I was not present at any of the locations where Nigerian students hold peaceful protests against the perceived neglect of the country’s education sector.
While proximity might seem a working excuse for me, it would not be a sincere one.
My absence from the scenes speaks volumes of my fright; who knows if and where hijackers lurk, eager to make a Xerox copy of the #EndSARS protests out of a well-meaning demonstration of frustrated Nigerian students?
Without a doubt, echoes of the ‘Solidarity forever!’ chant across Nigeria on Monday, the last day of February 2022, caught the attention of passionate Nigerians, likewise their unpatriotic counterparts.
The National Association of Nigerian Students (NANS) reaction, two weeks into the month-long ‘comprehensive and total’ strike, embarked upon by the Academic Staff Union of Universities (ASUU), leaves behind a trail of mixed feelings.

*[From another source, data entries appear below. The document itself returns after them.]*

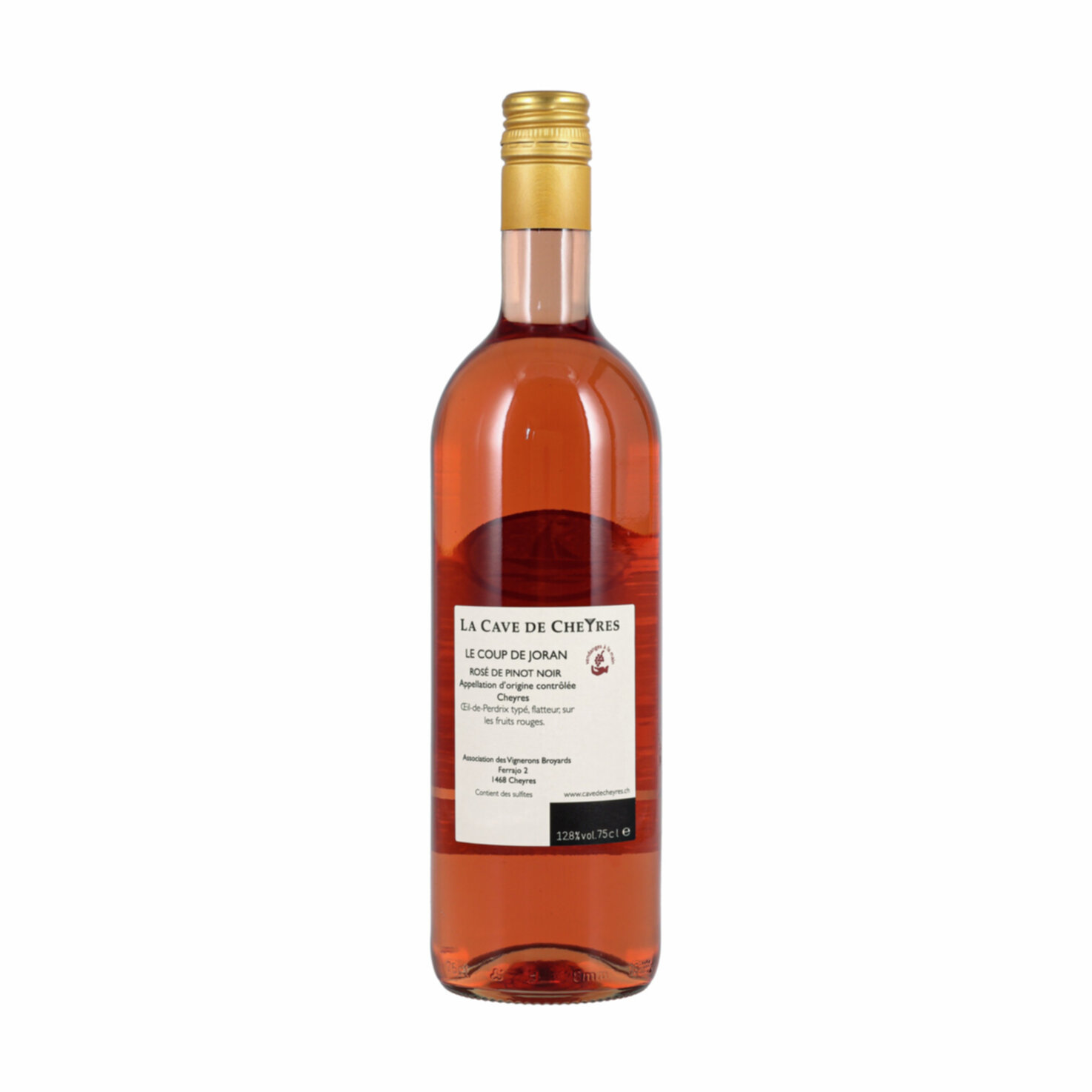 Cheyres AOC Oeil de Perdrix Le Coup de Joran -75cl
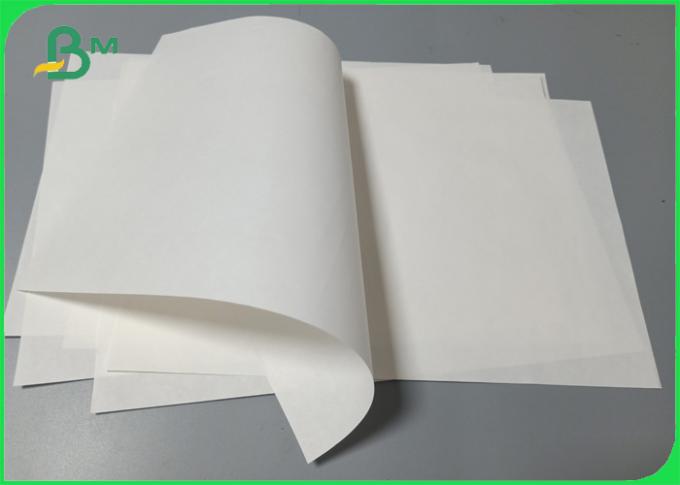 Rollo de papel blanco de Kraft de la categoría alimenticia de la pulpa de madera de Vrigin para el envasado de alimentos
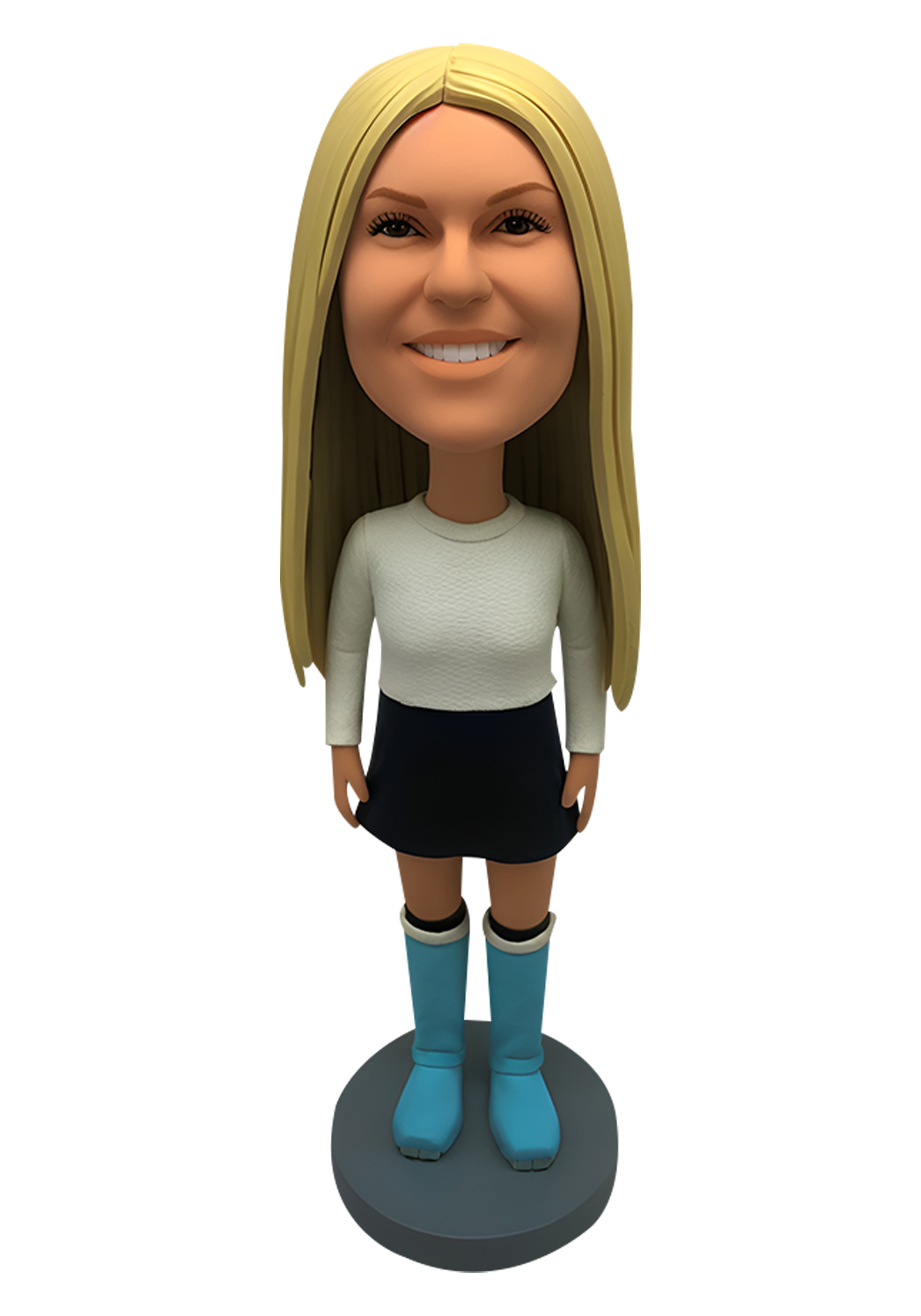Boots Girl Custom Bobblehead-1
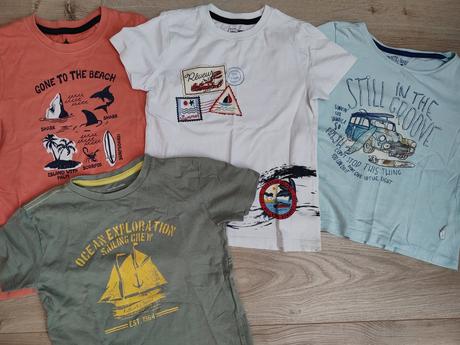 Balík tričiek 110/116, 104–116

It scares me that the NANS reaching a stalemate in its negotiations with the authorities might mean we have not seen the last of student protests.
Towards the end of January 2022, I wrote an open letter, which was syndicated across more than a score of media outlets.

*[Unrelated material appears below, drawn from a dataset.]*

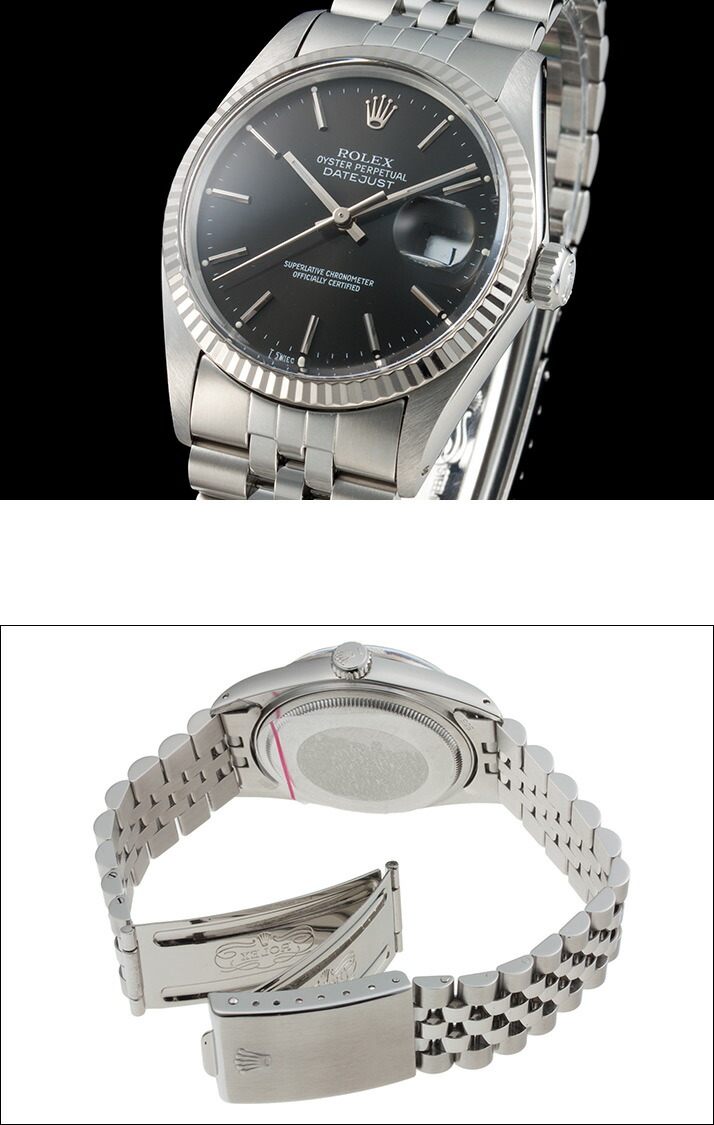 rolex datejust 16014 black dial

In it, I revealed my worry that a strike would birth a series of nationwide protests, a phobia I hypothetically share with parents, guardians and other concerned Nigerians.
I hate to say I was right but recent developments suggest that my fears are coming to pass.
At this juncture, I must lend credence to the saying, ‘Experience is the best teacher,’ to validate a proverb that says, “An idle mind is the devil’s workshop,” because, unlike vacations, strikes give room for needless holidays, leading to the idleness of exuberant youths.
Given this extrapolation, we couldn’t agree more that every strike will spike the soaring crime rates in Nigeria even further and bring the name of our dear nation to disrepute.
As a part of my first letter reads, “The spread of criminal activities and unrest in Nigeria leads to untimely deaths and emigration to countries with higher economic development and security indices, robbing the nation of promising individuals. In other words, our falling education system leads to brain drain and flight of capital, which discourages foreign investment in our nation and ultimately, economic hardship.”
However, it is not too late to prevent innocent students from becoming martyrs for a cause that outlived their parents, which is an eventuality of protests going south that every patriotic Nigerian should fear.
Thus, I write again to reawaken you to your strategic position towards preventing unnecessary crimes, saving innocent lives and bequeathing a working Nigeria to posterity.
Just in case you missed my first letter, this is another call to action.
I believe we can meet the demands of ASUU and sister associations if successful Nigerians at home and in the diaspora, pool resources for this cause.
I remember how social media exploded when Davido, a Nigerian artiste, raised over a fifth of a billion naira in a few days. Imagine how much difference you could make when you replicate the feat he achieved on a bigger scale.
You will be doing your motherland an inestimable favor and arming generations with a well-informed judgment of who is the problem of the Nigerian tertiary education should anything ever go wrong thereupon.
I dream of times when an average person in Nigeria will agree that education is the remedy to many societal ills and pray it is soon.
Herbert Spencer said, “The greatest aim of education is not knowledge, but action,” and I agree with him.
Hence, I am doing what I learned to do to a moderate extent, hoping it can help rid Nigerian tertiary education of the ageless festival called the ASUU strike.
Sadly, my quest would be impossible without you lending a helping hand towards bettering the lives of lecturers and their students.
Similarly, meeting the demand of ASUU and her sisters will improve the overall quality of tertiary education to equip Nigerian youths with the unflinching drive to remain patriotic and law-abiding, thereby reducing criminal activities to the barest minimum.
Such a feat will encourage foreign investment whilst checking insecurity, corruption, brain drain and capital flight that pillages Nigeria and keeps it from reaching its promising economic potential.
Once again, I adjure you to heed my words and act now.
Invest in Nigeria and help secure the 200 million lives that the brazen ignorance of many endangers. Nigerians could forget your sacrifice, but your descendants will live to flaunt their Nigerian descent because of it.
Read! Reflect!! And Respond!!!
May the labor of our heroes’ past never be in vain!